AIM OF THE EXERCISE: Using the records below, reproduce exactly the lines from the one containing "Smykke Pendant lamp" through the end, and nothing more; skip the images.

RECORDS SHOWN:
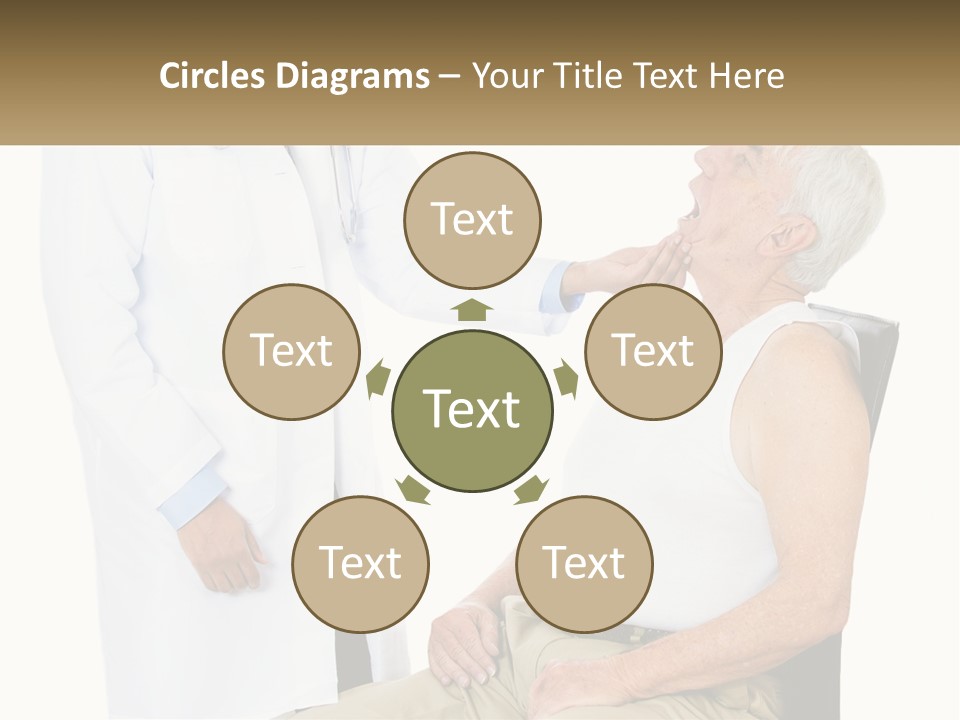 A Doctor Examining A Patient's Chest With A Stethoscope PowerPoint Template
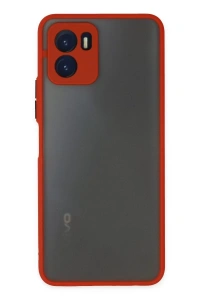 Vivo Y15S Kılıf Montreal Silikon Kapak - Kırmızı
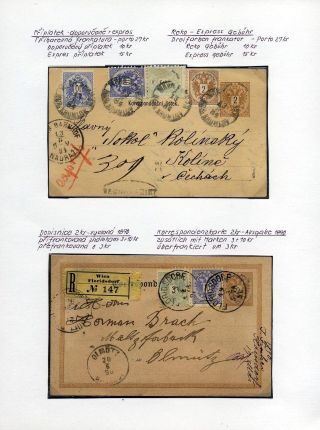 AUSTRIA: POSTAL STATIONERY 1867-1918 – sheet 67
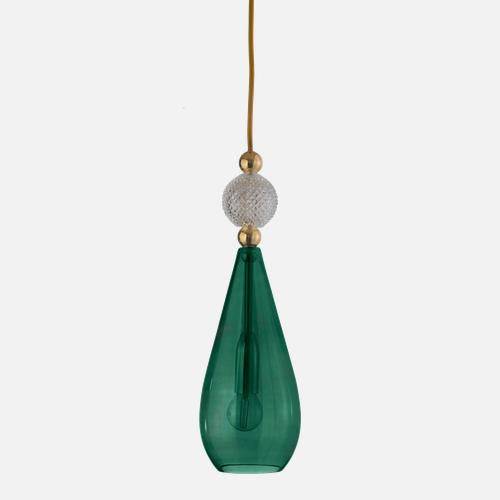 Smykke Pendant lamp M Ivy green Crystal check ball
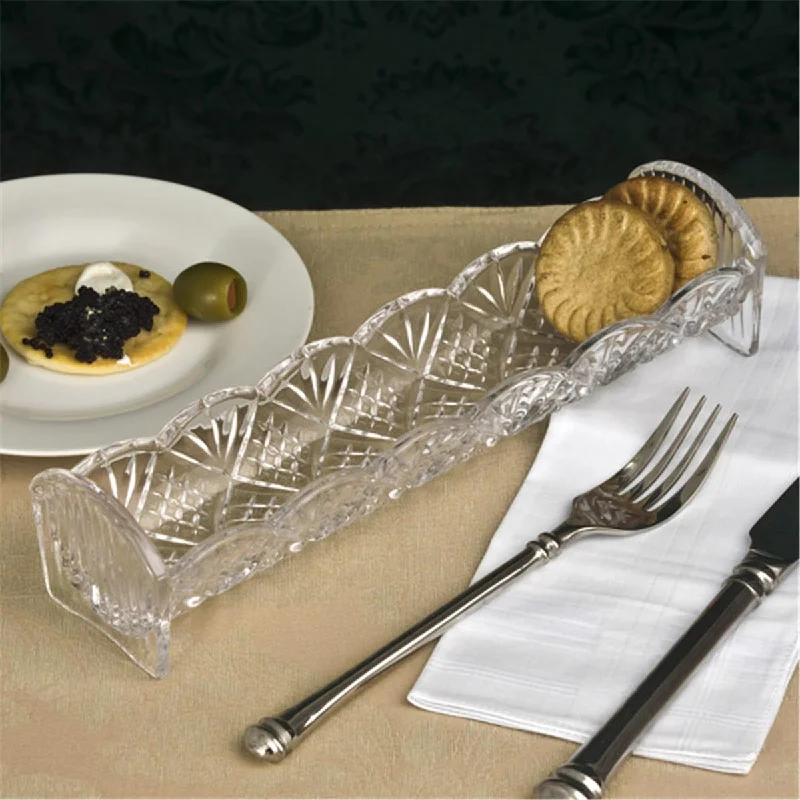 Godinger 25938 Dublin Crystal Cracker Tray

YOUR RESPONSE:
 Smykke Pendant lamp M Ivy green Crystal check ball
 Godinger 25938 Dublin Crystal Cracker Tray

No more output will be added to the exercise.